Summary of the invention

The objective of the invention is to overcome the shortcoming and defect of prior art, a kind of harmonic resolution method of alternating-current/direct-current interconnection system that is applicable under various operating conditions and the failure condition is provided.This method need not iteration, according to of the influence of asymmetric three-phase commutation voltage to the converter switch motion, it is unequal to comprise that the converter valve conducting is offset constantly with the three-phase angle of overlap, three-phase voltage current switch function and converter preface component switch function model have been set up based on fundametal component, correction component and commutation component, and carry out the harmonic resolution of ac and dc systems in conjunction with the equivalent harmonic wave network of ac and dc systems, significantly reduced the calculating scale, satisfied engineering and used required.

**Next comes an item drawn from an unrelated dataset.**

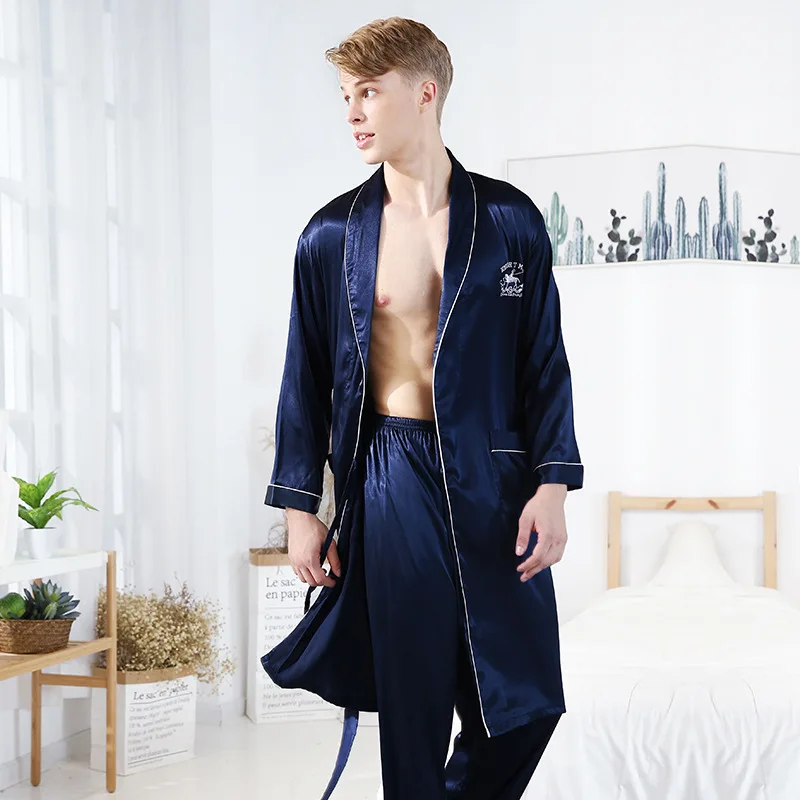 Silk Pajamas Summer Men\'s Shorts Solid Satin Long Sleeve Kimono Robe and Long Pants Homewear Clothes Set Two-Pieces Pajamas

Purpose of the present invention is achieved through the following technical solutions: a kind of harmonic resolution method of alternating-current/direct-current interconnection system may further comprise the steps:

(1) data processing:, calculate corresponding line voltage fundamental component according to the fundamental component of known converter AC side phase voltage;

(2) phase deviation of calculating synchronizing voltage: the fundamental component of three line voltages is converted to α component and β component, and, calculates the phase place of DC control system synchronizing voltage respectively according to the amplitude and the phase place of α component and β component

By the phase place of the fundamental component of three line voltages, and calculate

Calculate the phase deviation of synchronizing voltage respectively

With

Wherein subscript ab, bc and ca represent that respectively above-mentioned angular deflection is a benchmark with the phase place of ab, bc and ca line voltage fundamental component, set mark mn=ab, bc, ca; A, b, c represent the phase in the three-phase respectively;

(3) calculate converter valve turn on delay angle and actual trigger angle: calculate resulting synchronizing voltage phase deviation in trigger angle command value that more known DC control system provides and the step (2), calculate converter valve turn on delay angle θ _Ab, θ _BcAnd θ _Ca, and actual trigger angle α _Ab, α _BcAnd α _Ca, wherein subscript ab, bc and ca represent that respectively above-mentioned angle is corresponding to ab, bc and the commutation of ca two-phase;

(4) calculate angle of overlap: according to the fundamental component of the line voltage that calculates in the step (1) with by the actual trigger angle of step (3) gained, and known equivalence is to the converter transformer leakage reactance X of valve side _r, converter DC side electric current DC component I _{D (0)}, the angle of overlap μ when calculating ab, bc and the commutation of ca two-phase _Ab, μ _BcAnd μ _Ca

(5) the q order harmonic components of compute switch function: the turn on delay angle, actual trigger angle and the angle of overlap that calculate by step (3) and step (4), calculate the q order harmonic components of three-phase current switch function, and calculate the q order harmonic components of positive sequence and negative-sequence current switch function thus, wherein q is any nonzero integer; Turn on delay angle, actual trigger angle and angle of overlap by step (3) and step (4) calculate calculate the q order harmonic components of three-phase voltage switch function, and calculate the q order harmonic components of positive sequence and negative sequence voltage switch function thus;

(6) find the solution the each harmonic voltage and current of AC/DC interconnected system: the preface component model of structure converter, and calculate the equivalent harmonic impedance Z of each time that sees into from the converter DC side toward DC network according to existing method _{D (k)}, calculate the equivalent positive sequence harmonic impedance Z of seeing into from the converter AC side toward AC network of each time _(k) ⁺With the equivalent negative phase-sequence harmonic impedance of each time Z _(k) ^-Thereby, find the solution the each harmonic voltage and current of AC/DC interconnected system.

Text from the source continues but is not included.